Let $N>1$ be a positive integer, let $(c_v,d_v)$ be positive integers such that $gcd(c_v,d_v,N)=1,$ and $0 \leq c_v \leq N-1.$ I have seen it claimed that
$$\dfrac{1}{N^2}\sum_{c<0} \sum_{d \in \mathbb{Z}} (\dfrac{1}{(\frac{c_v\tau+d_v}{N}-c\tau-d)^2} - \dfrac{1}{(c\tau+d)^2}) $$ equals $$\dfrac{C_2}{N^2} \sum_{n=1}^\infty (\sum_{m | n \\n/m \equiv c_v \pmod N \\m>0 } m \mu_N^{d_vm})q^n_N -\dfrac{C_2}{N^2} \sum_{n=1}^\infty \sigma(n)q^n - (1-\delta(c_v)) \dfrac{C_2}{N^2}\sum_{m=1}^\infty \mu_N^{d_vm}mq_N^{c_vm}$$ where $\tau$ is in the upper half plane of $\mathbb{C},$ $q = e^{2\pi i \tau},q_N = e^{2 \pi i \tau/N}, \mu_N = e^{2\pi i /N}$ and $C_2=(-2 \pi i)^2/2$ and $\sigma(n)$ is the divisor function and $\delta(c_v) =0$ if $c_v \neq 0,$ otherwise it is $1.$ I think this claim should follow from the identity $$\sum_{d \in \mathbb{Z}} \dfrac{1}{(\tau +d)^2} = C_2 \sum_{m=1}^\infty m q^m.$$ However, I do not see how we get the term $$ (1-\delta(c_v)) \dfrac{C_2}{N^2}\sum_{m=1}^\infty \mu_N^{d_vm}mq_N^{c_vm}.$$ This should be elementary but I do not see how it arises. Is the identity correct? If so, could someone explain how this term arises?

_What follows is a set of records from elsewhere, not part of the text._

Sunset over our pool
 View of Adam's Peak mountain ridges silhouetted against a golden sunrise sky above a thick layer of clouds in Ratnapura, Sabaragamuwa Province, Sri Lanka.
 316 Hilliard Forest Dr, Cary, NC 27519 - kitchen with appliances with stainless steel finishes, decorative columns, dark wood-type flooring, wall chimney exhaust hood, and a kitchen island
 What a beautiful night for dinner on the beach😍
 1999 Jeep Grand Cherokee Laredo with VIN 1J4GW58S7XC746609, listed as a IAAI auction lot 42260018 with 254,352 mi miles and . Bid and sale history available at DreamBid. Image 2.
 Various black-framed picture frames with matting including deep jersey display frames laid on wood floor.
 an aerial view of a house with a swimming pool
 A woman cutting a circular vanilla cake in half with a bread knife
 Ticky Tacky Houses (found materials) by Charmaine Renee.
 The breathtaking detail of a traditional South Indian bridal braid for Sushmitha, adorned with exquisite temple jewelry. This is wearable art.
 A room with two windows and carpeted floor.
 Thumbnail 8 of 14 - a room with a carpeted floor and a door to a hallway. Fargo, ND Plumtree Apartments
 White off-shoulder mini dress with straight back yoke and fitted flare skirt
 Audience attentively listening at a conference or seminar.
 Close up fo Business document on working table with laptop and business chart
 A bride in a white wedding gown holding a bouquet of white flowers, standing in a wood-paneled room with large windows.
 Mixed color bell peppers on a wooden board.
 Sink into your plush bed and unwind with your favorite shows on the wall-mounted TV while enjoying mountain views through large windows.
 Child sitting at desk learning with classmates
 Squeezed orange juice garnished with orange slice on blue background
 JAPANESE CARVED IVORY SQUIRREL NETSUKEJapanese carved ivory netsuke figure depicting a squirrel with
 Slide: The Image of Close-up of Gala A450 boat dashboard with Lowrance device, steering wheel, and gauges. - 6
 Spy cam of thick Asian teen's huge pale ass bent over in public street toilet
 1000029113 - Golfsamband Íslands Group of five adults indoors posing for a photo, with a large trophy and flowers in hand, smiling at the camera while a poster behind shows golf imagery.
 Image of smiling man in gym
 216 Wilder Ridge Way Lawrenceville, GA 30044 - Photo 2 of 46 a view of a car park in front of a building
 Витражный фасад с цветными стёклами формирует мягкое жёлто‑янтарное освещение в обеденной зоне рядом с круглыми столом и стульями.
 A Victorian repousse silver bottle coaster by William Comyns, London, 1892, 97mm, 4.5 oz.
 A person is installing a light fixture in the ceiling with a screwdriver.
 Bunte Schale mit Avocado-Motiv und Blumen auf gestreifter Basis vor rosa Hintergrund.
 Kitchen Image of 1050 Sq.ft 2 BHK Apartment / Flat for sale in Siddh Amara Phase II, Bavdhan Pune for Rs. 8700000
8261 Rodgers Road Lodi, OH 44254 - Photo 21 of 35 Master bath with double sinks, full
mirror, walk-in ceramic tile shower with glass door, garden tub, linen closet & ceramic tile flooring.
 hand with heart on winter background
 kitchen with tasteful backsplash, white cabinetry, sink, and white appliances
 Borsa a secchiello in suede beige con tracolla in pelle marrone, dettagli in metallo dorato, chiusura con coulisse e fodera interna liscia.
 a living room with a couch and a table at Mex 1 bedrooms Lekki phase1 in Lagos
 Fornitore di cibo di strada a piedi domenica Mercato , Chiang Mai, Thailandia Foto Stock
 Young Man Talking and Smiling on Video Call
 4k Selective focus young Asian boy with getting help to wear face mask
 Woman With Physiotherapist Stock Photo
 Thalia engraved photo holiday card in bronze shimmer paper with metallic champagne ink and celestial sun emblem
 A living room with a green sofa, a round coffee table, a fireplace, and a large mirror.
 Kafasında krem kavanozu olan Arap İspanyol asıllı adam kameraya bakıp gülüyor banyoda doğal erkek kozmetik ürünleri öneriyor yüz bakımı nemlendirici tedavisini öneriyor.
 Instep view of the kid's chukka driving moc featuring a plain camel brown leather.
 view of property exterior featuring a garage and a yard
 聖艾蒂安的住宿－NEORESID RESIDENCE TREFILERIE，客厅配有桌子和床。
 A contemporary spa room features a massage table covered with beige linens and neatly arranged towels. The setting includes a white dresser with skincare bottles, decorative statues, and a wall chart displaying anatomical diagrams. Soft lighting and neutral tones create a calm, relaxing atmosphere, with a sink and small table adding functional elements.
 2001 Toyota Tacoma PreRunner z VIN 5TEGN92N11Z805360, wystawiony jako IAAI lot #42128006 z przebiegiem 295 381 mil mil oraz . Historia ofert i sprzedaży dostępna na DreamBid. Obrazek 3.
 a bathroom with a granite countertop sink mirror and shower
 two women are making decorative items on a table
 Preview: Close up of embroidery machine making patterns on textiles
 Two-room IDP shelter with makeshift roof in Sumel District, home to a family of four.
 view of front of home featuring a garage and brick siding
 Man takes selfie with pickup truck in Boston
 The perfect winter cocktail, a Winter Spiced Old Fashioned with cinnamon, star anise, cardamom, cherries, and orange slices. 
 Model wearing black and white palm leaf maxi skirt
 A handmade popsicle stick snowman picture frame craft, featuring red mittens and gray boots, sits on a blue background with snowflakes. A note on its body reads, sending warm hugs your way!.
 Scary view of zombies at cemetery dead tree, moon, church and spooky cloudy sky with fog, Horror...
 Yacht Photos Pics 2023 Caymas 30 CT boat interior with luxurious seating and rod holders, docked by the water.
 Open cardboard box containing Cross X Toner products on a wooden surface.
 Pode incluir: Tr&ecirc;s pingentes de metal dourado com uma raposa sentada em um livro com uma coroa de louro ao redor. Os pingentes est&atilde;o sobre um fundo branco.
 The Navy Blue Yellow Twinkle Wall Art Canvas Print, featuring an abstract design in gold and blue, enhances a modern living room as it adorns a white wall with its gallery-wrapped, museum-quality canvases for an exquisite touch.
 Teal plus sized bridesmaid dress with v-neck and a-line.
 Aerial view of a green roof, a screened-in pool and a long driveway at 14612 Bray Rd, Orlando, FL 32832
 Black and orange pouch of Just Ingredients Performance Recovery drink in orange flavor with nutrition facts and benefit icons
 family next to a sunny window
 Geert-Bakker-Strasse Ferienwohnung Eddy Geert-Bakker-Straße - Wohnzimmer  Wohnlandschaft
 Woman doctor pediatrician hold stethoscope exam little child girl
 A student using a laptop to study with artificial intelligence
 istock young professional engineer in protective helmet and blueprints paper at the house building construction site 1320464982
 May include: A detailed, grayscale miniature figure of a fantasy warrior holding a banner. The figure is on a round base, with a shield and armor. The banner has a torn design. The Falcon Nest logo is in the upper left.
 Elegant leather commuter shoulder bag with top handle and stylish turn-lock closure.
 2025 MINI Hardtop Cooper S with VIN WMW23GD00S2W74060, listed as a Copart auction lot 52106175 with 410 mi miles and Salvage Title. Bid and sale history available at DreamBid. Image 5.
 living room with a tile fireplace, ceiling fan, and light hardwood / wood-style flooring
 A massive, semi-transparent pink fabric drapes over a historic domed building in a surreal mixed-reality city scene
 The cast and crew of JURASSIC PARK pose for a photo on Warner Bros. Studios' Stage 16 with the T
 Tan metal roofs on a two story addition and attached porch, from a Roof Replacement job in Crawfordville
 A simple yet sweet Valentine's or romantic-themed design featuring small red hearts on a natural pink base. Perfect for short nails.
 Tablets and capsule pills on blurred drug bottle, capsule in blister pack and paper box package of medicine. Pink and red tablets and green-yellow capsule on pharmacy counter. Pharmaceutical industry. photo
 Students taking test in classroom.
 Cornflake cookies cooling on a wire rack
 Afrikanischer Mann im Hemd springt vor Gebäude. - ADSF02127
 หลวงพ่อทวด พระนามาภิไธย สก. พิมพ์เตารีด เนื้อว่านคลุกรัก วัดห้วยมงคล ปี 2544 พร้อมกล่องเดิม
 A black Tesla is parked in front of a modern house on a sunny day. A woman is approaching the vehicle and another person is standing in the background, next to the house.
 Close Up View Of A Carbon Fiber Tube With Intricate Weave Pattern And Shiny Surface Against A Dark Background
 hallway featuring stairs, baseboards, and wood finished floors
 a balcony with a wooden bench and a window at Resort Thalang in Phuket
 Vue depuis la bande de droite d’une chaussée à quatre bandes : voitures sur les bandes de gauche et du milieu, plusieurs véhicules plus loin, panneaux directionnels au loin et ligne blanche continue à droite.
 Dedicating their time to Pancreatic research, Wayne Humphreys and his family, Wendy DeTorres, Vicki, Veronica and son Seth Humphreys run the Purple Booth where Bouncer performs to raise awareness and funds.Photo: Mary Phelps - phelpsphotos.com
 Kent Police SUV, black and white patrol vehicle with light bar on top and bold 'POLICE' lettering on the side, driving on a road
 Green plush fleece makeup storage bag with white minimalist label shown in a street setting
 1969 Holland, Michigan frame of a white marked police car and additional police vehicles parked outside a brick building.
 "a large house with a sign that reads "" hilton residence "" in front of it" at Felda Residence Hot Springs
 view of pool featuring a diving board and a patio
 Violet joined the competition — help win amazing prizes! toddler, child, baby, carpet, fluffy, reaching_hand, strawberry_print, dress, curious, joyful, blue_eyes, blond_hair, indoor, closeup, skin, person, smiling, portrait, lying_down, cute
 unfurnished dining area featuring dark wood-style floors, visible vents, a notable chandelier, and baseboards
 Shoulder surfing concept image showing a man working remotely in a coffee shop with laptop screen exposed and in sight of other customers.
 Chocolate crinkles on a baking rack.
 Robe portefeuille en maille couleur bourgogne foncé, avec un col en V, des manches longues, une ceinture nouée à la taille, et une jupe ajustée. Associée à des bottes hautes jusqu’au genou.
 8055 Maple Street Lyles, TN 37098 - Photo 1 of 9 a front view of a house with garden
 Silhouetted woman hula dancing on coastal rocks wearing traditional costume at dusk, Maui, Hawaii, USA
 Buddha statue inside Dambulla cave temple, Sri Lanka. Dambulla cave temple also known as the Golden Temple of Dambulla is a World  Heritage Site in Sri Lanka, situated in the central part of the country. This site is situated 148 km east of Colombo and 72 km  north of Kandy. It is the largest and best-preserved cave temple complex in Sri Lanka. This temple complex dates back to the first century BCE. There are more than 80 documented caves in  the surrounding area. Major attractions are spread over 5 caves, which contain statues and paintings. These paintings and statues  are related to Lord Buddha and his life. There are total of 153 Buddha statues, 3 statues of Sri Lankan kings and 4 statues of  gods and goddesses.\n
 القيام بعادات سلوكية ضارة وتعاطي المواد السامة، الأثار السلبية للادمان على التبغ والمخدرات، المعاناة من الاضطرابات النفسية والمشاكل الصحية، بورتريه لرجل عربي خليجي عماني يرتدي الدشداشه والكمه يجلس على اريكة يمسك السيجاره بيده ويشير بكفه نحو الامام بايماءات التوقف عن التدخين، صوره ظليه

Applying the identity you stated with $\tau$ replaced by $\frac{(c_v - Nc)\tau + d_v}{N}$ for $c < 0$ gives \begin{equation*} \begin{aligned} \sum_{d \in \mathbb{Z}} \frac{1}{\left( \frac{(c_v - Nc)\tau + d_v}{N} + d\right)^2} &= C_2\sum_{m=1}^{\infty}mq^{m\left(\frac{(c_v - Nc)\tau + d_v}{N}\right)} \\&= C_2\sum_{m=1}^{\infty}m\mu_N^{md_v}q_N^{m(c_v - Nc)\tau}, \end{aligned} \end{equation*} Note that $\frac{c_v\tau + d_v}{N} - c\tau + d = \frac{(c_v - Nc)\tau}{N} + d$, so summing the above over all $c < 0$ gives $$\frac{1}{N^2}\sum_{c < 0} \sum_{d \in \mathbb{Z}} \frac{1}{\left(\frac{c_v\tau + d_v}{N} - c\tau + d\right)^2} = \frac{C_2}{N^2}\sum_{c < 0}\sum_{m=1}^{\infty}m\mu_N^{md_v}q_N^{m(c_v - Nc)\tau}.$$ Now we want to combine like powers of $q_N$. If $c_v = 0$, then as $c$ runs through the negative integers, $c_v - Nc$ runs through all positive integers which are congruent to $c_v \pmod N$. But if $c_v \neq 0$, then $c_v - Nc$ misses the positive integer $c_v$. This is why the mysterious last term you asked about arises. We have $$\frac{C_2}{N^2}\sum_{c < 0}\sum_{m=1}^{\infty}m\mu_N^{md_v}q_N^{m(c_v - Nc)\tau} = \frac{C_2}{N^2}\sum_{n=1}^{\infty} \sum_{\substack{m \mid n \\ \frac{n}{m} \equiv c_v \\ m > 0}}m\mu_N^{d_vm}q_N^n - (1 - \delta(c_v))\sum_{m=1}^{\infty}m\mu_N^{md_v}q_N^{mc_v},$$ since in the first sum on the right-hand side $n$ runs through all positive integers which have a divisor congruent to $c_v$, while the second sum subtracts off the terms where said divisor is actually equal to $c_v$ (these terms do not appear on the left-hand side if $c_v \neq 0$).